With the adoption of the CECL standard, nonperforming loans as of September 30, 2020 include PCD loans. Amounts as of December 31, 2019 excluded purchased impaired loans as we were accreting interest income over the expected life of the loans. See Note 1 Accounting Policies for additional information related to the adoption of this standard and our nonperforming loan and lease policies.
The following table presents our nonperforming assets as of September 30, 2020 and December 31, 2019, respectively.
Table 45: Nonperforming Assets
Dollars in millions September 30
2020

 December 31
2019

 
Nonperforming loans     
Commercial $915
 $501
 
Consumer (a) 1,170
 1,134
 
Total nonperforming loans (b) 2,085
 1,635
 
OREO and foreclosed assets 67
 117
 
Total nonperforming assets $2,152
 $1,752
 
Nonperforming loans to total loans .84% .68% 
Nonperforming assets to total loans, OREO and foreclosed assets .86% .73% 
Nonperforming assets to total assets .47% .43% 
(a)Excludes most unsecured consumer loans and lines of credit, which are charged off after 120 to 180 days past due and are not placed on nonperforming status.
(b)Nonperforming loans for which there is no related ALLL totaled $.6 billion at September 30, 2020, and is primarily comprised of loans with a valuation that exceeds the amortized cost basis.
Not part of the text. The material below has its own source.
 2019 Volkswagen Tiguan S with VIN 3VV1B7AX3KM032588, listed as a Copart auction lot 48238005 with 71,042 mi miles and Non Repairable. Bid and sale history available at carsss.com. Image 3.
Nonperforming loans also include certain loans whose terms have been restructured in a manner that grants a concession to a borrower experiencing financial difficulties. In accordance with applicable accounting guidance, these loans are considered TDRs. See Note 1 Accounting Policies and the TDR section of this Note 4 for additional information on TDRs.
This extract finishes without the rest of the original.